A “recipient posture” to technology, processes and systems is simply inimical to progress and this approach- evident across several frontiers in our nation – is useful up toa narrow limits. It will never compare or equate the benefits, the appropriateness and the value content of self-developed, self-created and self-designed approaches. An innovative approach to economic and political problems that challengewidely accepted and legacy systems and which take a nation’s unique disposition into consideration in proffering solutions is simply invaluable.
One of the dangerous implications of the visibly poor innovation culture in many spheres of Nigeria’s national life is the unhealthy reliance (mostly overreliance) on other people, organizations and nations in understanding and also in solving our problems. From the unfair number of foreigners that occupy certain work positions in Nigeria (simply due to superior skills and technological advantages), to the reliance on foreign nations for sophisticated services such as advanced healthcare.

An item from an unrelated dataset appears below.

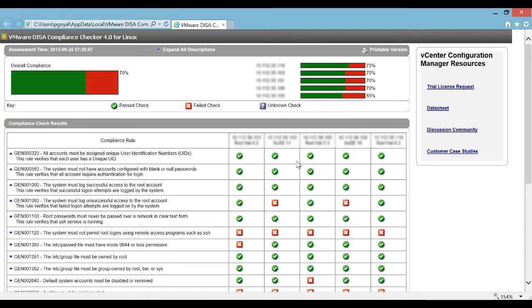This easy and simple Compliance Checker report helps us gain an immediate view of compliance health of the machines with respect to the DISA benchmark. However, this compliance checker only provides very basic capabilities.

In-country, we see tertiary institutions and research centers that invent nothing in decades, and we finance healthcare centers that pioneer nothing in centuries. Our schools and streets are filed with people who in spite of being endowed intellectually are shunned and suppressed by an unstated rule of anti-innovation made evident by a widespread preference for maintaining the status quo and a very rampant penchant for giving little thought to new/better ways of doing things.
But it’s now evident that if we fail today to lay the foundation for innovation in our public endeavors and delay in incentivising innovation in the private sector, we will entrench the inefficiency that affects all nations that prefer to “receive” innovation as opposed to creating it. We will as well reinforce our dependence in several ways on nations and people that create the future.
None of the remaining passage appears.